Sonographic Feature Extraction of Cervical Lymph Nodes and Its Relationship With Segmentation Methods

Junhua Zhang, Yuanyuan Wang, PhD, Yi Dong, MD and Yi Wang, MD

Electronic Engineering Department, Fudan University, Shanghai, China (Jh.Z., Yy.W.); and Ultrasound Department, Huashan Hospital, Shanghai, China (Y.D., Y.W.).

Address correspondence to Yuanyuan Wang, PhD, Department of Electronic Engineering, Fudan University, Shanghai 200433, China. E-mail: yywang{at}fudan.edu.cn

Objective. The purpose of this study was to extract quantitative features for characterization of cervical lymph nodes on sonographic images and analyze the effect of a semiautomated segmentation method on the feature extraction. Methods. Contours of 186 cervical lymph nodes on sonographic images were separately delineated by 2 radiologists (R1 and R2) and a semiautomated segmentation method. For each node, 10 kinds of sonographic features (including 3 parameters of size; 12 parameters of margin; 4 parameters of nodal border; 10 parameters of echogeneity; and 1 parameter of shape, echogenicity, medulla ratio, medulla distribution, vascular density, and vascular pattern, respectively) were quantified by a computerized scheme based on the segmented contour.

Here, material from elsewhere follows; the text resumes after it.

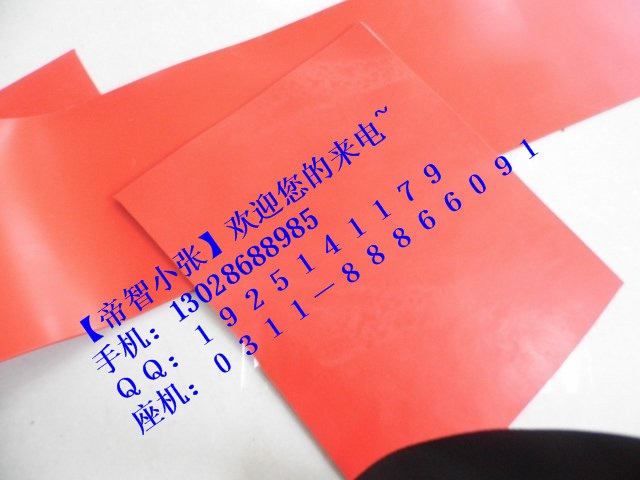 安徽电力绝缘胶垫厂家价格便宜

Correlations between the quantitative parameter and the radiologists’ consensus grading were computed to assess the effectiveness of these parameters. Concerning the 14 best correlated parameters, the effect of the segmentation stage on the feature extraction was estimated by comparing the parameter values calculated under different segmentations in terms of relative ultimate measurement accuracy. Results. Good correlations between the computerized scheme and radiologists were seen in features of size, nodal border, shape, echogenicity, medulla ratio, medulla distribution, vascular density, and vascular pattern, whereas 10 of 12 parameters of margin features and 8 of 10 parameters of echogeneity features showed poor correlations. Paired t tests comparing the relative ultimate measurement accuracy computed using the R1-R2 and the R1-computer pairing showed no significant difference on 11 parameters for the 14 parameters analyzed. Conclusions. The computerized feature parameters may be used as assisted indices for evaluating cervical lymphadenopathies from sonographic images. The semiautomated segmentation method satisfied the accuracy requirement of the feature extraction.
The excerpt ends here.